_Task requirements_.
Return exactly the lines of the entries, from the one with "Łóżko lub łóżka" to the last.

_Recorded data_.
■ ■ ■ ■ ■
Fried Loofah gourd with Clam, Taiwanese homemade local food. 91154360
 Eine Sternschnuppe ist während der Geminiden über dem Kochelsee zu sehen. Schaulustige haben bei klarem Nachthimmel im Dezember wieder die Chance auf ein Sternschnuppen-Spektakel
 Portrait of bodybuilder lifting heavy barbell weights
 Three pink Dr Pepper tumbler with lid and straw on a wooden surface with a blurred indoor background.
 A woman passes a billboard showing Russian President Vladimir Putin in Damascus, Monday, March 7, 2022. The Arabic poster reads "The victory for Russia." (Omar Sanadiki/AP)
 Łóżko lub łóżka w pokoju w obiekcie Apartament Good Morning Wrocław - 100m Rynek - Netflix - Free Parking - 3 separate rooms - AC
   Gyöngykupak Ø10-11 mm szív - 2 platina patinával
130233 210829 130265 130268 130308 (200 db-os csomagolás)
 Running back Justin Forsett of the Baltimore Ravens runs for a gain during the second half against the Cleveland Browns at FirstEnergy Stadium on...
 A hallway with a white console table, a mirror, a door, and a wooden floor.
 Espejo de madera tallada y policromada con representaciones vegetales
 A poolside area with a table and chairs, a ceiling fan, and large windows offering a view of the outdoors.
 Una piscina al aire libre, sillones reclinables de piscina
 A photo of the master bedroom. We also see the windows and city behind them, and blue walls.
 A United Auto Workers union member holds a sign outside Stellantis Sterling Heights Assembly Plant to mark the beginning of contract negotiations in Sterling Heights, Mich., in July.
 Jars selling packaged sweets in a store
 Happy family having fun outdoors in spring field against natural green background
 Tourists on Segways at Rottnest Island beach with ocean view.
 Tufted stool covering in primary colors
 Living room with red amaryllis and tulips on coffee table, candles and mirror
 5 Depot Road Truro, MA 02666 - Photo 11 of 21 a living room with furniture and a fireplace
■ ■ ■ ■ ■
_Result for this exercise_.
 Łóżko lub łóżka w pokoju w obiekcie Apartament Good Morning Wrocław - 100m Rynek - Netflix - Free Parking - 3 separate rooms - AC
   Gyöngykupak Ø10-11 mm szív - 2 platina patinával
130233 210829 130265 130268 130308 (200 db-os csomagolás)
 Running back Justin Forsett of the Baltimore Ravens runs for a gain during the second half against the Cleveland Browns at FirstEnergy Stadium on...
 A hallway with a white console table, a mirror, a door, and a wooden floor.
 Espejo de madera tallada y policromada con representaciones vegetales
 A poolside area with a table and chairs, a ceiling fan, and large windows offering a view of the outdoors.
 Una piscina al aire libre, sillones reclinables de piscina
 A photo of the master bedroom. We also see the windows and city behind them, and blue walls.
 A United Auto Workers union member holds a sign outside Stellantis Sterling Heights Assembly Plant to mark the beginning of contract negotiations in Sterling Heights, Mich., in July.
 Jars selling packaged sweets in a store
 Happy family having fun outdoors in spring field against natural green background
 Tourists on Segways at Rottnest Island beach with ocean view.
 Tufted stool covering in primary colors
 Living room with red amaryllis and tulips on coffee table, candles and mirror
 5 Depot Road Truro, MA 02666 - Photo 11 of 21 a living room with furniture and a fireplace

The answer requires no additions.